Recieved my unit yesterday and am loving it so far. It works great with my Mackie MP-220 IEM's. The connectors are nice and flush so no wiggle movement on them to cause MMCX issues (so far). Will post if this changes at some point.

I get wanting Aptx HD and do hope Fiio releases a new model with that feature and hopefully LDAC but so far APTx is sounding very good to me. I will have to do an actual AB test but right now I think the Rc-bt Mackie combo I am using sounds better than my Sony WI-1000 which uses APTx HD (my phone is the LG V20). I am noticing sonic loss between the Rc-bt and a physical connection but that would happen even with APTx HD or LDAC. For my out and about needs this meets my needs very well.

I am a happy camper!


----------



## dweaver

So had some time today to do a quick AB between my RC-BT MP-220 combo, my WI-1000X, and finally the MP-220 with its manufacturers cable.

I used the song Other Arms by Robert Plant all on my LG V20.

Now before I start I need to explain that the WI-1000X as an IEM has its own signature as compared to the MP-220. So I will avoid discussing specific areas of the Audio spectrum or specific instruments and try to discuss just detail retrieval so we are focusing more on the RC-BT instead of the IEM's.

Detail retrieval between the 2 BT devices was one by a small margin by the WI-1000X as it appeared to be able to portray more details and give a slightly more rich experience.

The difference between the MP-220 on the RC-BT versus physical cable was more stark, a bit more than expected. Where the IEM sounds lively and engaging wired it becomes a bit more sterile through BT. But given the use requirements it is a trade off that I can live with, but wish I didn't have to.

Bottom line, for the price this is a very good BT option for MMCX IEM users. But I would not hesitate to pay more for one that offered HD and LDAC codecs...


----------



## Amber Rain

dweaver said:


> So had some time today to do a quick AB between my RC-BT MP-220 combo, my WI-1000X, and finally the MP-220 with its manufacturers cable.
> 
> I used the song Other Arms by Robert Plant all on my LG V20.
> 
> ...




Thanks for the review, could  you confirm if the cable goes around  the back of your neck or the front?

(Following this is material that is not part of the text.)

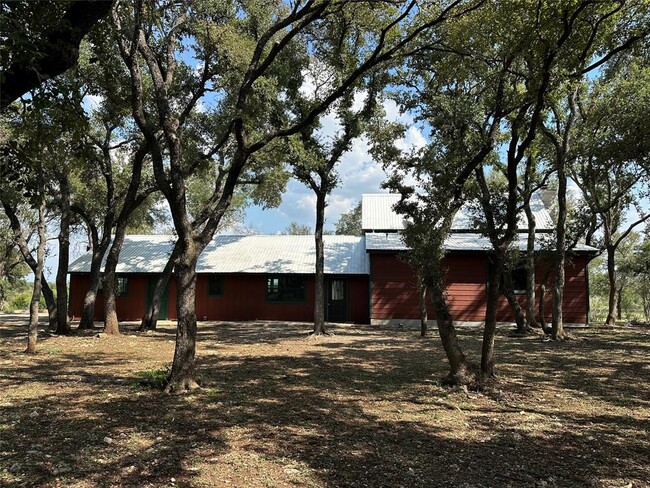 215 Hy Rd in Buda, TX - Building Photo - Building Photo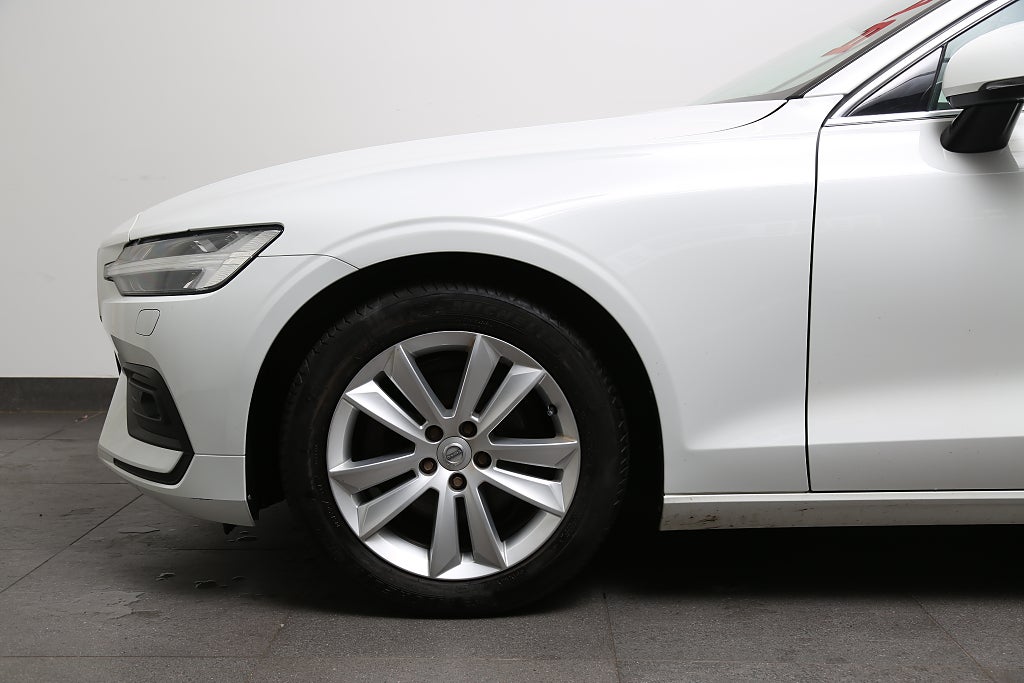 Volvo V60 B4 Diesel 197hk Momentum Advanced SE Aut Drag Leasbar 2021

Is the cable heavy, will it pull on the earphones (I didn't like the cable with the Mic that came with the F5 for this reason).

Thanks


----------



## dweaver

The cable can go around the back or the front, which ever way you prefer. It is super light and very comfortable.


----------



## Amber Rain

dweaver said:


> The cable can go around the back or the front, which ever way you prefer. It is super light and very comfortable.


 
Thanks for confirming, undecided whether to wait for the BTR3 or go for this product.


----------



## FiiO

Amber Rain said:


> Thanks for confirming, undecided whether to wait for the BTR3 or go for this product.


Tried both if possible.  LOL

Best regards


----------



## dweaver

Amber Rain said:


> Thanks for confirming, undecided whether to wait for the BTR3 or go for this product.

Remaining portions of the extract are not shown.